The two-account structure is the central concept. Each account holds different risks and guarantees.
| Feature | Separate Account | General Account |
|---|---|---|
| What it holds | Sub-account portfolios chosen by the contract owner (equity, bond, money market, balanced) | Insurance company's main account |
| Who bears investment risk | Contract owner (the customer) | Insurance company |
| What it backs | Accumulation and annuity unit values | Guaranteed features (minimum death benefits, fixed sub-accounts) |
| Regulation | Registered as an investment company under the ICA (typically a Unit Investment Trust (UIT) structure) | Regulated as insurance by state insurance commissioners |
| Creditor protection | Protected from insurer's general creditors | Available to creditors if insurer fails |
Key point: Sub-accounts are managed by investment advisers (often the same advisers that run retail mutual funds). The insurer does not directly manage the portfolios.
Exam Tip: Gotchas
- Investment risk sits in the separate account and is borne by the contract owner. Insurance guarantees sit in the general account and are backed by the insurer's credit. This is why variable annuities are securities AND insurance products (dual regulation, dual licensing).
- The separate account is protected from the insurer's general creditors. If the insurance company becomes insolvent, the separate account assets cannot be seized to satisfy the insurer's obligations.
What happens during the variable annuity accumulation phase?
The accumulation phase is the period when the contract owner is paying premiums and the account value is growing.
- Premiums purchase accumulation units at the current Accumulation Unit Value (AUV)
- AUV fluctuates daily with the separate account's investment performance
- Number of units varies with the premium amount and current AUV
- Account value = units × current AUV
- Contract owner can transfer between sub-accounts during accumulation (typically without tax or sales charge)
Think of it this way: During accumulation, both the number of units and the value per unit change over time.
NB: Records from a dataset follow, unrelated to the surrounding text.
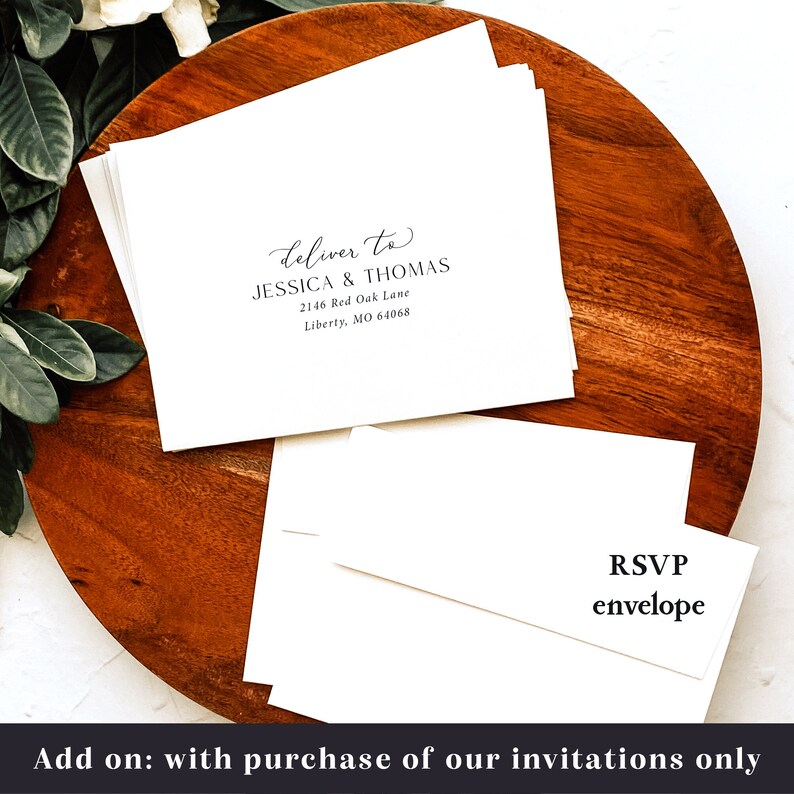 May include: A stack of white envelopes with a black RSVP envelope on top. The top envelope has a black and white address label that reads "deliver to Jessica & Thomas 2146 Red Oak Lane Liberty, MO 64068".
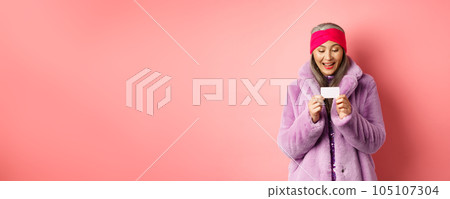 Shopping and fashion concept. Beautiful and stylish asian woman looking at plastic credit card, smiling pleased, standing over pink background Shopping and fashion concept. Beautiful and stylish asian woman looking at plastic credit card, smiling pleased, standing over pink background 105107304
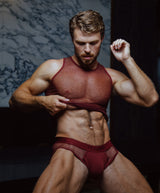Mr. Bradford wears the Teamm8 port Score Sheer tank and brief.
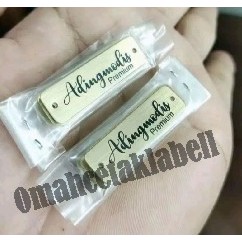 

LABEL PLAT HIJAB BAHAN KUNINGAN HARGA PER 100 PCS FREE DESAIN NAMA DAN LOGO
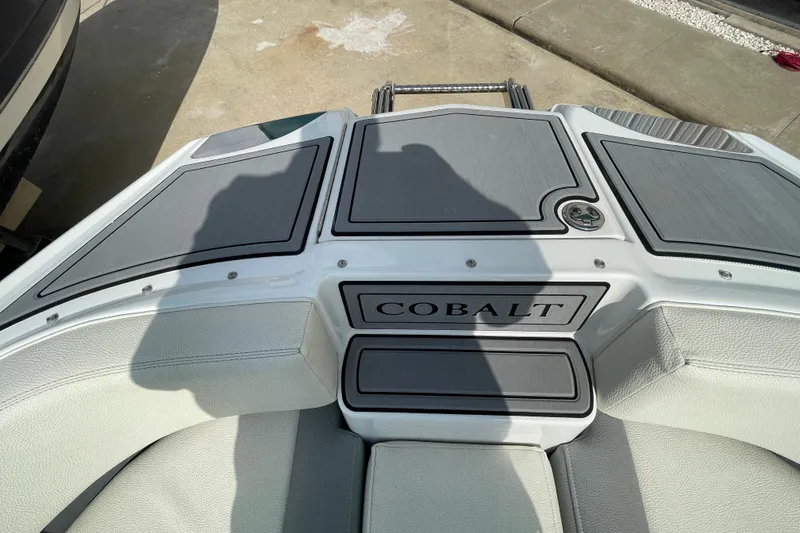 Slide: The Image of 2018 Cobalt 25SC boat deck with sleek design and branding. - 15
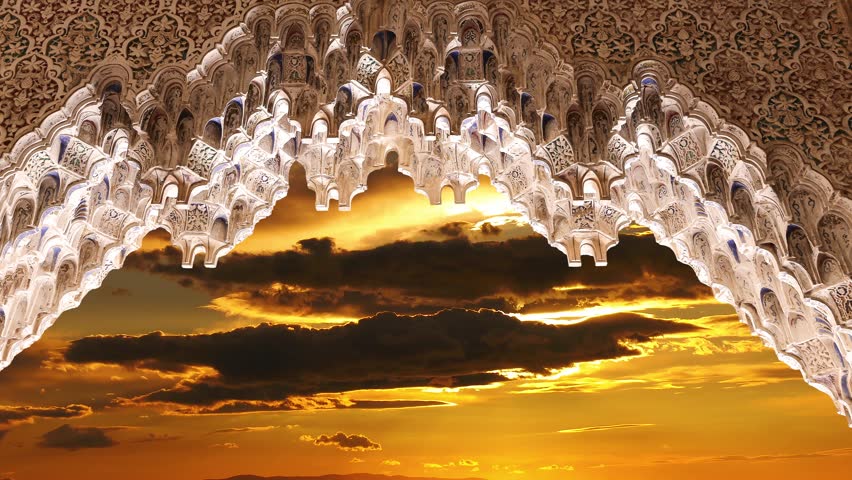 Arches in Islamic (Moorish)  style (against the sunset) in Alhambra, Granada, Spain. 4K, time lapse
Each premium payment buys a different number of units depending on the current AUV. This is the opposite of the annuity phase, where the number of units is locked and only the value changes.
Exam Tip: Gotchas
- During accumulation, both units and value fluctuate. During annuitization, only value fluctuates; the number of units is fixed. This asymmetry is a frequent exam trap.
- Transfers between sub-accounts during accumulation are NOT taxable events. The contract is one integrated product; moving money from a bond sub-account to an equity sub-account is like rebalancing inside a single account.
How does the variable annuity annuitization phase work?
Annuitization converts the accumulated value into a stream of payments for life (or a specified period).
- Upon annuitization, accumulation units convert to a fixed number of annuity units
- The dollar value of each annuity unit fluctuates based on the relationship between the separate account's actual return and the Assumed Interest Rate (AIR)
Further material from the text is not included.